Problem requirements
Begin at the line below that has "Personalized Metal Adress". Stop after the line that has "Obraz 20 z jednostki", repeating each line exactly and leaving out the pictures.

*** Opening of Extracted records ***

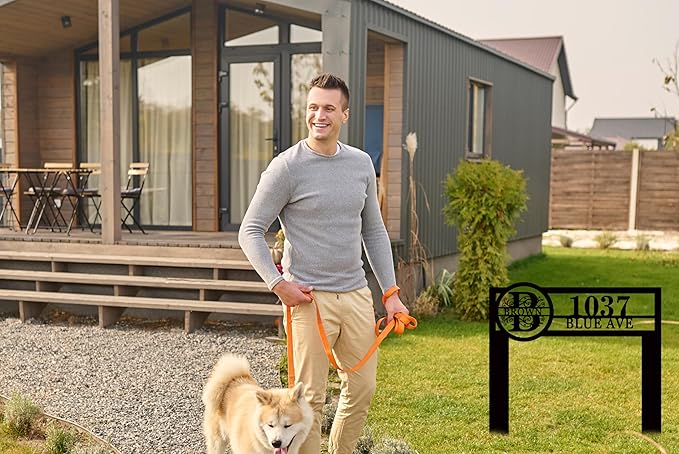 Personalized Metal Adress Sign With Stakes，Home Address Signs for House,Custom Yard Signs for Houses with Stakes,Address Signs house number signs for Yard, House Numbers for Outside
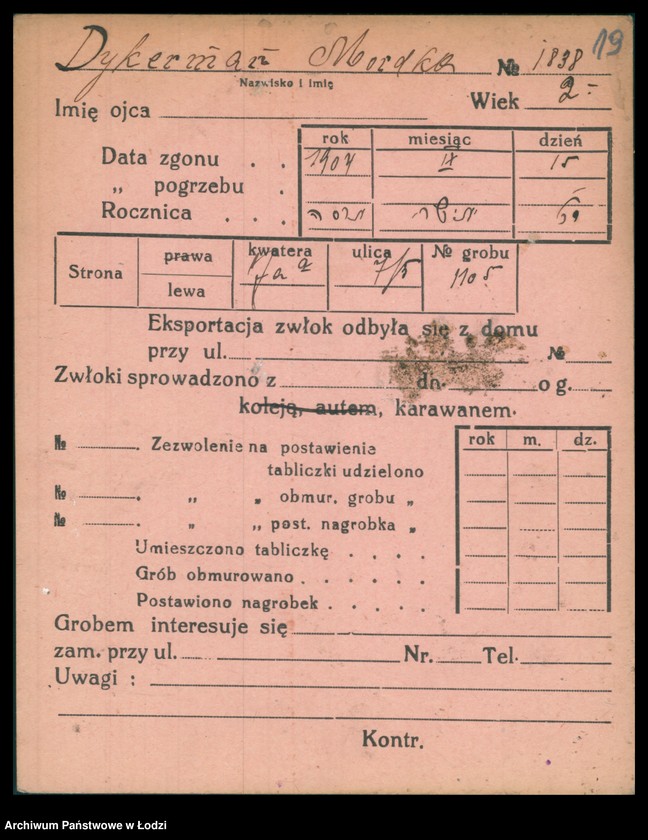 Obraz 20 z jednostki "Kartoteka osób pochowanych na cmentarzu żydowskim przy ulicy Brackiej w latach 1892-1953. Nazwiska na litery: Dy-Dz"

*** Close of Extracted records ***
*** Opening of Extracted records ***

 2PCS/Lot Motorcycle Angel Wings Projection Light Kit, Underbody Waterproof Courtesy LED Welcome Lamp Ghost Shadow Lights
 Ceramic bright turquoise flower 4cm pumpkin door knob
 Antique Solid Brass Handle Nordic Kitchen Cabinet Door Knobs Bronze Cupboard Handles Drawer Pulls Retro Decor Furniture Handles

*** Close of Extracted records ***

Exercise solution
 Personalized Metal Adress Sign With Stakes，Home Address Signs for House,Custom Yard Signs for Houses with Stakes,Address Signs house number signs for Yard, House Numbers for Outside
 Obraz 20 z jednostki "Kartoteka osób pochowanych na cmentarzu żydowskim przy ulicy Brackiej w latach 1892-1953. Nazwiska na litery: Dy-Dz"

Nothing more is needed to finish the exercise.